I want to feel free to acknowledge every part of my humanity. I want to feel free to be human and to rest in the fact that I will never be Christ. If I think I can be perfect, why would I need to rely on Jesus’ perfection?
Why have we been conditioned by the church to be ashamed of our fears and doubts and struggles? We feel like we have to suppress normal human emotions and avoid any confusion or ambiguity. What this ends up looking like is a load of broken people acting really arrogant about stuff they’re actually quite unsure about.
There’s so much we don’t know. We have finite knowledge and wisdom, and we get it wrong so much of the time. That’s just a part of being human. You can be uncertain of your own knowledge yet still be sure of God, but so many Christians mistakenly think that you can’t do those two things at the same time.
The fact that there are teachings in the church that say it’s your fault if you’re struggling or even if you’re sick is quite unsettling. As if Jesus hasn’t blatantly told us that we’ll face hardships and trials in this life. As if our struggles say something bad about us, when in reality they can do the opposite. If everything is going well for us, we have to ask if we’re doing something wrong.
When you look at the world, is the main problem of most non-Christians that they embrace their humanity too much, or that they try to run away from it? Honestly, I think it’s the latter. People run from their struggles and emotions. They suppress their deepest desires and numb themselves to their pain. I don’t see people who are too alive. Rather, I see people who are only half alive, never truly living life to the full. Wouldn’t it be ridiculous for those of us who claim to be spiritually alive to become guilty of this same thing?
As Christians, we shouldn’t run from our deepest desires and questions and doubts. We should bring it all to Christ and believe that He’s big enough to handle it all. We don’t have to suppress what’s going on inside of us because we don’t have to deal with it all by ourselves or rely solely on other broken humans to help us through it.

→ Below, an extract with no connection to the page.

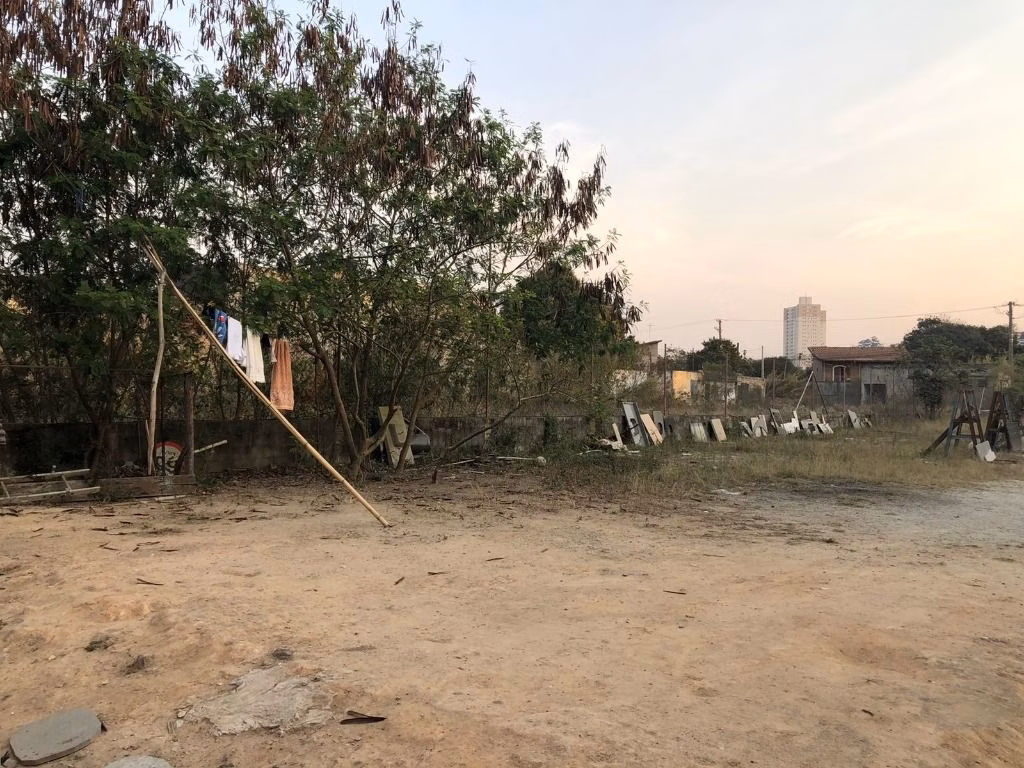 Terreno de 4,770 m² em São José dos Campos, SP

Following Jesus should make us feel fully alive and fully human, not less alive and less human. And it should make us feel even more like our true selves, not less. Being a Christian shouldn’t be this wishy-washy, one-size-fits-all experience in which we willingly submit to brainwashing and coercion and intellectual suicide. God doesn’t want mindless clones. We shouldn’t pursue a one-dimensional existence, scared to truly experience life in all its facets.
To be human means to struggle. To question. To doubt. To feel lost. To think freely. To have flaws, and lots of them. To be uncertain.
Life is uncertain. The human condition is uncertain. What so many Christians try to do is find certainty in everything, but that’s just not reality. We have to find peace in ambiguity, because ambiguity isn’t going to end until we die. Now we only know in part, but one day we’ll know fully.
I want my uncertainty and my humanity to cause me to run to Christ rather than away from Him. I want to experience life fully and never suppress the storm inside of me. It’s never too much for Him.